With another dose of winter storms and chilly temperatures for much of the country set for later in the week, January natural gas futures — which expire on Tuesday — rebounded on Monday to put a six in front of a prompt-month contract’s price for the first time in almost a year. The contract notched a $6 high in afternoon trading before closing out the regular session at $5.990, up 34.7 cents from last Thursday’s close.
Another cold blast along with expectations of a healthy storage withdrawal for the week ending Dec. 25 allowed futures to test the upside. The last time a front-month contract traded with a $6 price was when the February 2008 contract notched a $6.004 high on Jan. 8, 2008.
Trading almost in lockstep with January 2009 futures, the February 2009 contract, which will see its first regular session front-month action on Wednesday, closed 29.8 cents higher on Monday at $5.996.
“The natural gas market is…anticipating some solid net withdrawals from U.S. natural gas storage on the back of ongoing cold conditions, with short-covering in the January contract ahead of…[Tuesday’s] futures expiry as part of the mix,” said Tim Evans, an analyst with Citi Futures Perspective in New York. “As the current cycle of cold is matching up against what has been a warm period over the past five years, we see some easy storage comparisons that make a falling year-on-five-year average storage surplus an easy call.”

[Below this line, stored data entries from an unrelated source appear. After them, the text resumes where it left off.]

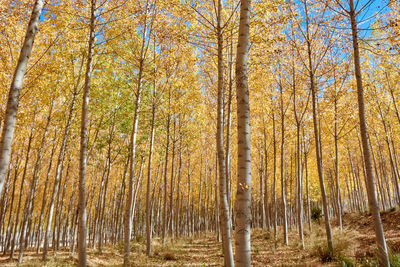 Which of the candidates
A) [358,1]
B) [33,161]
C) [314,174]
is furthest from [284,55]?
[314,174]

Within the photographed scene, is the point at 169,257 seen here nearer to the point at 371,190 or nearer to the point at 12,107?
the point at 371,190

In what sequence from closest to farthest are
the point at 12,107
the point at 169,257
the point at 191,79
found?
the point at 12,107
the point at 169,257
the point at 191,79

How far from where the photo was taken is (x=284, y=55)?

Looking at Thursday’s natural gas storage report for the week ending Dec. 25, Evans’ early estimate is for a 160 Bcf draw, which if realized would be larger than last year’s 144 Bcf pull and significantly larger than the five-year average draw for the week of 120 Bcf.
“The year-on-five-year average surplus that was 513 Bcf as of Dec. 4 has already been pulled down to 395 Bcf as of Dec. 18, but it looks as though it will drop to 139 Bcf by Jan. 8, with some cold temperatures in the eastern U.S. still in front of it at that point,” Evans added.
Weather bulls note that not only did the remains of the “Holiday Blizzard” pummel the Northeast Monday, but a system brewing in the Southwest is expected to gradually move to the Northeast and reach major energy markets by the end of the week.
“As this system moves away, a new system will begin to spread into the Southwest and into Texas, bringing a chance of a wintry mix to the Southern Plains…through Wednesday,” said Mark Avery, lead meteorologist with The Weather Channel. “Some heavy rain is possible near the Gulf Coast [Tuesday] night into Wednesday, with snow possible from the Four Corners to the Great Lakes. Longer term, this system is forecast to evolve into a storm that brings rain and snow to the East Coast for New Year’s Eve and New Year’s Day.”
Looking at the technicals ahead of Monday’s trade, Peter Beutel, president of Cameron Hanover, said last week’s trade solidified $5.930 as reinforced resistance and that “any decisive breakthrough with a settlement above that level would have to be seen as a major technical success for the bulls and it would confirm upside objectives to levels above $7.00/MMBtu.”